1Jade Mangino, you have pleaded guilty to one count of aggravated burglary, one count of recklessly causing injury, five counts of theft, one count of burglary, and two counts of intentionally damaging property.  The relevant maximum penalties are set out in the prosecution opening which I incorporate by reference.

Circumstances of the offences

2The circumstances of the offences were set out in the prosecution opening which was read in open court on the plea.[1]  The offending involved two separate incidents on the night of 23 April 2016.  In brief outline, the offending occurred at around 1:45 am at a residential premises in Echuca.  

[1] Exhibit A.

3The complainant's were a married couple in their early 60s.  They owned a Mercedes vehicle which was parked in their garage.  On 23 April, in the early hours of the morning, you attended at the rear of the property and entered the garage and searched the vehicle, looking for the keys. You took a Stanley knife from the bench nearby and then went to the rear of the house.  

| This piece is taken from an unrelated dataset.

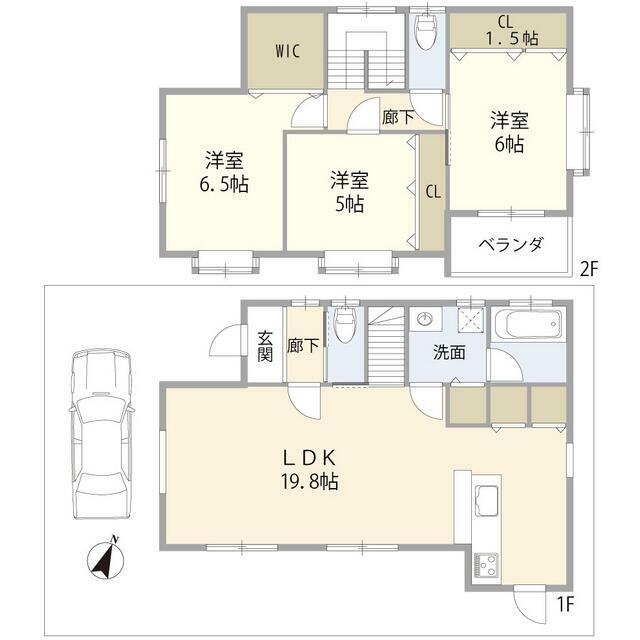 千葉市中央区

4At the time Mr Yates was seated in the lounge room while his wife was asleep in bed.  Through a closed sliding door, you sought to use the toilet which he declined.  Mr Yates, believing the rear door to be locked turned away to get his phone to contact the police. He heard the sliding door open and when he turned around you had entered the room and had a Stanley knife in your raised right hand.  He recognised it as one from his toolbox.

5While holding the knife in a threatening manner, you made a demand for the keys to the vehicle.  He told you to wait in the lounge room and he would get the keys, which were in the bedroom.  He kept asking you to remain where you were as he wanted to protect his wife who was asleep in the bedroom. As he moved down the hallway you followed him and became extremely agitated, swearing and continually demanding the keys.

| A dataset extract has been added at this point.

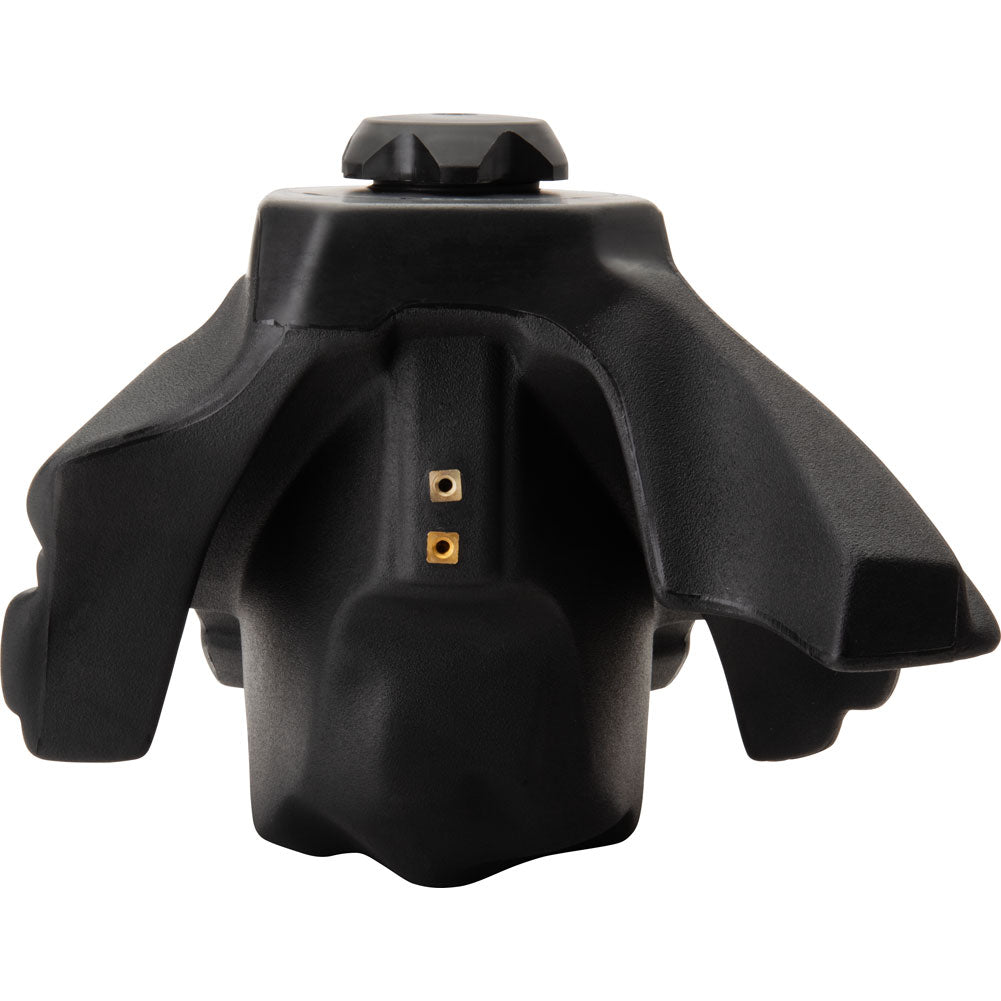 IMS Fuel Tank Suzuki RMZ250 2018–2026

6As he reach the doorway of the bedroom, he stopped and turned towards you.  You struck out at him with the knife and dragged it down across his chest, cutting his singlet and causing a superficial cut to his chest. He was resisting you in an order to protect his wife. He told you he would not get the car keys unless you went back into the lounge room.  At this point, you struck out again with the knife and slashed out at the right side of his neck, causing injury. You kept asking him for the keys. You then began grabbing framed pictures from the hallway walls and smashing them on the floor and one of which landed on his left foot, causing a large laceration.  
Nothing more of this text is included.